Entre algunas de esas soluciones imperfectas pero benéficas estuvo el acuerdo nuclear de Irán, en cuya negociación Burns fue un elemento clave y al que Trump llamó “el peor tratado que haya habido” antes de retirarse de él. Esto, escribe Burns, “fue exactamente el tipo de apuesta arriesgada, arrogante y poco meditada que hizo pedazos nuestra influencia antes, y que podría fácilmente destrozarla de nuevo”.
Burns observa: “Sin embargo, abandonar acuerdos imperfectos rara vez es mejor que pulir sus imperfecciones a lo largo del tiempo”. En especial cuando ese “abandono” lleva a Estados Unidos al borde de una guerra innecesaria.
Para Burns, la erosión del poder y la influencia estadounidenses es muy anterior a Trump. Lamenta la pérdida de la extraordinaria cohesión estadounidense que, al final de la Guerra Fría, aseguró el lugar de una Alemania unida en la OTAN. Hace notar el error de no percibir con la anticipación suficiente cómo la “humillación y el orgullo herido” de Rusia impulsarían, con Putin, un resurgimiento ruso.
Sugiere que la expansión de la OTAN fue “prematura en el mejor de los casos e innecesariamente provocadora en el peor”. Esta es una opinión debatible desde mi punto de vista dada la necesidad de asegurar y estabilizar la liberación de más de cien millones de personas subyugadas por mucho tiempo en Europa Central y los países bálticos.
Piensa que el presidente Barack Obama cometió un error al no mantenerse firme respecto a la advertencia contra el uso de armas químicas por parte del régimen sirio. El gobierno de Obama se “distrajo” y, Burns observa, “eso dejaría una marca permanente”. Putin se apresuró a aprovechar ese vacío.

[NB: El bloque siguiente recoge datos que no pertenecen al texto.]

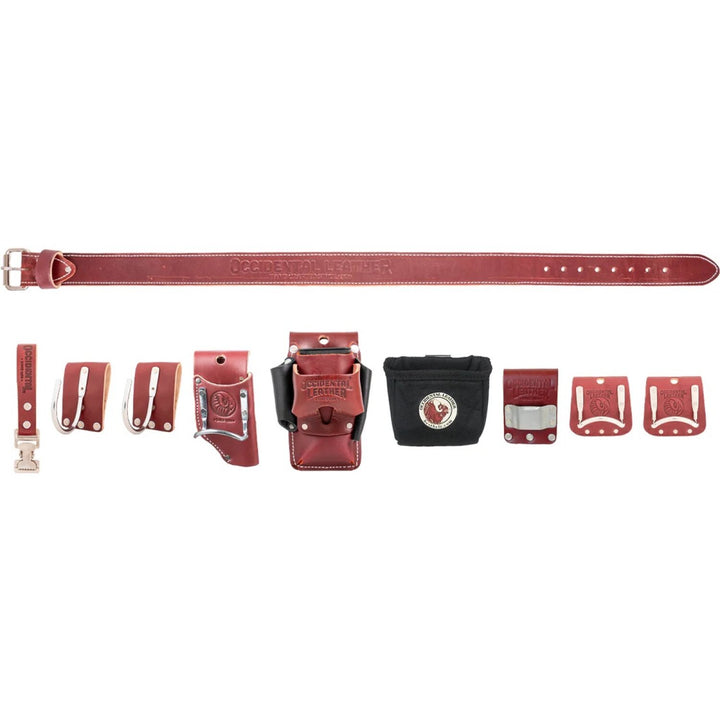 Occidental Leather 5597 Complete Concrete Tool Belt Setup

Ahora el presidente ruso afirma que el liberalismo es obsoleto. Se equivoca. Es más necesario que nunca, aun cuando Trump se burle de él. Sin embargo, lo que Burns llama “un Departamento de Estado en el que los funcionarios son apaleados para intimidarlos, en el que se autocensuran o en el que sencillamente se les ignora” no puede hacer nada por reforzar la capacidad de Estados Unidos de promover la democracia liberal.